*Activity*
Reproduce the lines below exactly. Skip images.

*Source material*
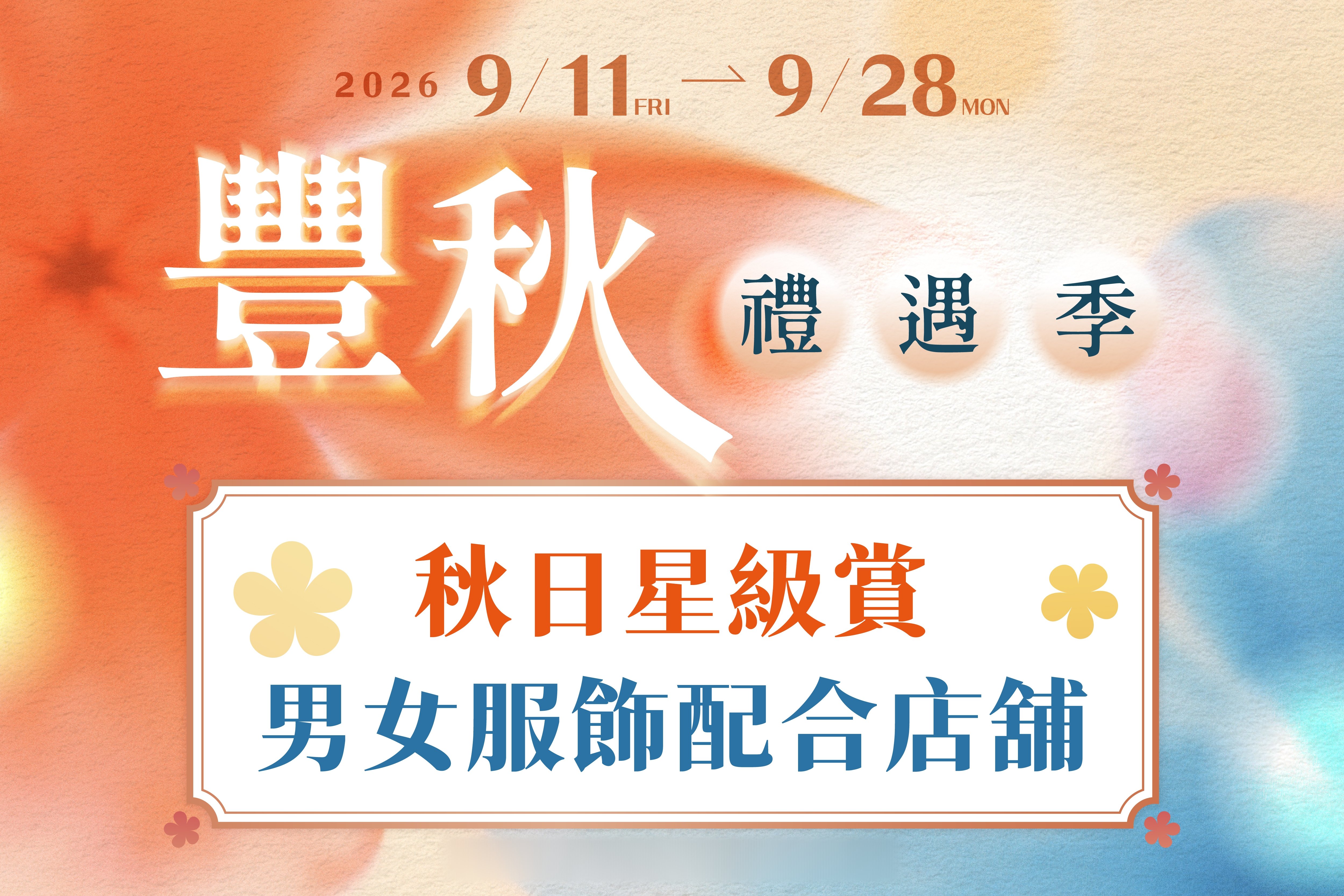 豐秋禮遇季｜男女服飾配合店舖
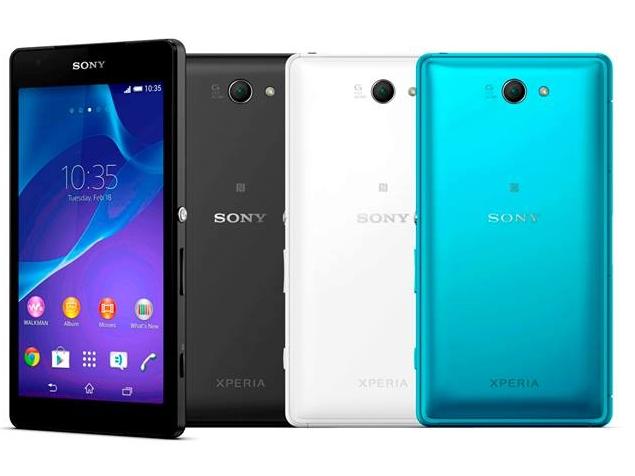 SONY XPERIA Z2a ANDROID SMARTPHONE PRICE AND FULL SPECIFICATIONS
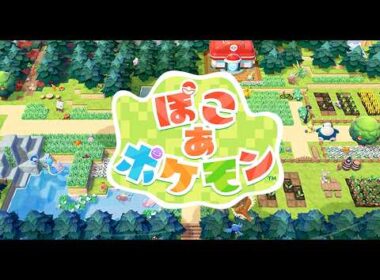 【生放送】ニャースが復興させる「ぽこあポケモン」やる #1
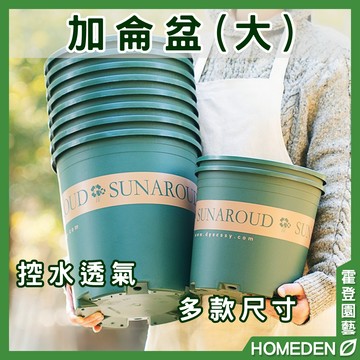 【隔日到貨】加侖盆(大) 加厚大花盆 控根盆 青山盆 透氣盆 多肉盆 蘭花盆 塑膠盆 花盆花器【HOMEDEN霍登園藝】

*Task result*
 豐秋禮遇季｜男女服飾配合店舖
 SONY XPERIA Z2a ANDROID SMARTPHONE PRICE AND FULL SPECIFICATIONS
 【生放送】ニャースが復興させる「ぽこあポケモン」やる #1
 【隔日到貨】加侖盆(大) 加厚大花盆 控根盆 青山盆 透氣盆 多肉盆 蘭花盆 塑膠盆 花盆花器【HOMEDEN霍登園藝】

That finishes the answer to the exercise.